In the 2006 decision to which the 11th Circuit referred, Hudson v. Michigan, five justices expressed deep reservations about the utility of the exclusionary rule. That 5-to-4 decision refused to apply the exclusionary rule to evidence found by police officers who burst into a Detroit man’s home to execute a search warrant without first knocking and giving the man a chance to respond. Justice Antonin Scalia’s majority opinion appeared written to solicit further challenges to the rule’s application.
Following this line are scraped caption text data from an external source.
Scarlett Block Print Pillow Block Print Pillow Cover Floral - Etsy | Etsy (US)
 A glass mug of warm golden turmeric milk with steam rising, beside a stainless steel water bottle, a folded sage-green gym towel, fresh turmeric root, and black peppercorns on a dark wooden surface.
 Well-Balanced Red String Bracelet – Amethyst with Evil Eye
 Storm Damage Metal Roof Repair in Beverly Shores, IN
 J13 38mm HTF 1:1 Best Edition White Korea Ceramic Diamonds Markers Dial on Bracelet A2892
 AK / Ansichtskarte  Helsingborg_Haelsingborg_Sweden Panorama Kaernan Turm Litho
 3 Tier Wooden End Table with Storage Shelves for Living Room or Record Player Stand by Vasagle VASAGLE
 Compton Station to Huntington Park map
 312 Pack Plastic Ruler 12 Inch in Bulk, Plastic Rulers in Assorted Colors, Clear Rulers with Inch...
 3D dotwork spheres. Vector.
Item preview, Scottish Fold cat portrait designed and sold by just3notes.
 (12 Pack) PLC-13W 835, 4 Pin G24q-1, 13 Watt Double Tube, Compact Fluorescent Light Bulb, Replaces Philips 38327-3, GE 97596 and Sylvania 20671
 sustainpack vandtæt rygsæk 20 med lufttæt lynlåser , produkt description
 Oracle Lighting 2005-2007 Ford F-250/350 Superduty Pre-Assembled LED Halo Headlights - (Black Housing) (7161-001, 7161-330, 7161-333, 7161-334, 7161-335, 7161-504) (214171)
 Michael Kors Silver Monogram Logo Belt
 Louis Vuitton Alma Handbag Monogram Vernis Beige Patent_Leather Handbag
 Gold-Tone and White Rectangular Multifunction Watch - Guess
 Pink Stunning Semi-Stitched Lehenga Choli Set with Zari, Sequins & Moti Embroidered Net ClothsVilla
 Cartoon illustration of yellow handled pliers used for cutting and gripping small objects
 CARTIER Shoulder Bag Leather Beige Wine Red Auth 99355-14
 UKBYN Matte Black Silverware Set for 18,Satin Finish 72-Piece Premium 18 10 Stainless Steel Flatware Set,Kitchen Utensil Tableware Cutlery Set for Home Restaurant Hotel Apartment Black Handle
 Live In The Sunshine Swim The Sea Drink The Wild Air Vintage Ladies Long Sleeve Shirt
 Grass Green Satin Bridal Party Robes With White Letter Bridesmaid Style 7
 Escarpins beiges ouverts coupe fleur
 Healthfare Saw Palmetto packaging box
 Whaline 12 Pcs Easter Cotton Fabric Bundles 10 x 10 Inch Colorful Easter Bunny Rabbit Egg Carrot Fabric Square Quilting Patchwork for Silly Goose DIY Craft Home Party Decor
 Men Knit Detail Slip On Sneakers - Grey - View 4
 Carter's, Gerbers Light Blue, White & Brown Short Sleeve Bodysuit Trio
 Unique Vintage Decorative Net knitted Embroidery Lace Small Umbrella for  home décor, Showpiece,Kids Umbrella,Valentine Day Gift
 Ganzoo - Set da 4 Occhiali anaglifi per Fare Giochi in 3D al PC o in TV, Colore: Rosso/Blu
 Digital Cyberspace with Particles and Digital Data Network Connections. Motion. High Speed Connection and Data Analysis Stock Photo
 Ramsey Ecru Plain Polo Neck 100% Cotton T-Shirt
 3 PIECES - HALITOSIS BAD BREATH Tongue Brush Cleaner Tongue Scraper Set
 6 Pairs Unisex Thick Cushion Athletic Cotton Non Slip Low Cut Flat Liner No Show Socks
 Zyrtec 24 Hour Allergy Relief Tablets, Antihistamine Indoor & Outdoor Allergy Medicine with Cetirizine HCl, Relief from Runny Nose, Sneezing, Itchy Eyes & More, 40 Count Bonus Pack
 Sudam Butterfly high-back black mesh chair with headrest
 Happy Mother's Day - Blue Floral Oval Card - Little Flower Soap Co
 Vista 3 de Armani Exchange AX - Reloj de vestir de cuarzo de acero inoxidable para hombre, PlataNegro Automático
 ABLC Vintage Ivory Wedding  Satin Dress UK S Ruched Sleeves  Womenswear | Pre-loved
These were among the other developments on Tuesday as the justices returned from a monthlong recess:

Wiretapping Case

Without comment, the court turned down a challenge to the National Security Agency’s program of electronic surveillance without warrants. The program, devised to intercept communications into and out of the United States with people linked to Al Qaeda, began in 2001, shortly after the Sept. 11 attacks, and was conducted in secrecy until The New York Times revealed its existence in December 2005.

The American Civil Liberties Union brought a lawsuit in early 2006 on behalf of a group of lawyers, writers and organizations, arguing that the program violated federal law and chilled their ability to communicate with their clients and overseas contacts. Judge Anna Diggs Taylor of Federal District Court in Detroit ordered the government to stop the surveillance in a decision that the United States Court of Appeals for the Sixth Circuit overturned last July.

The appeals court ruled that because the government had properly withheld information about the program by invoking a doctrine known as the state secrets program, the plaintiffs could not show that their communications had been monitored and therefore lacked standing to bring the case.

The Bush administration discontinued the program in early 2007 and resumed it with Congressional authorization several months later. It urged the Supreme Court to turn down the appeal, American Civil Liberties Union v. National Security Agency, No. 07-468, on the ground that not only was the Sixth Circuit correct, but also that the case was now moot.

The statute authorizing the program expired last week in a Congressional standoff over immunity for telecommunications companies that participated in the surveillance. The justices might have been reluctant to enter a debate that remains a live issue. Another case challenging the program, and several dozen suits against the telecommunications companies, remain pending in federal courts in California.

Union Dues

The court agreed to decide whether a public employees’ labor union must deduct certain litigation expenses from the “agency fee” that nonunion members must pay in lieu of full union dues. Twenty nonunion employees who work in Maine’s state government assert that they have been improperly charged for litigation expenses that did not directly relate to the bargaining unit.

The case, Locke v. Karass, No. 07-610, is the latest in a long series of cases brought by the National Right to Work Legal Defense Foundation, an antiunion organization, disputing various financial obligations placed on employees who are covered by a collective bargaining agreement but who object to union activities.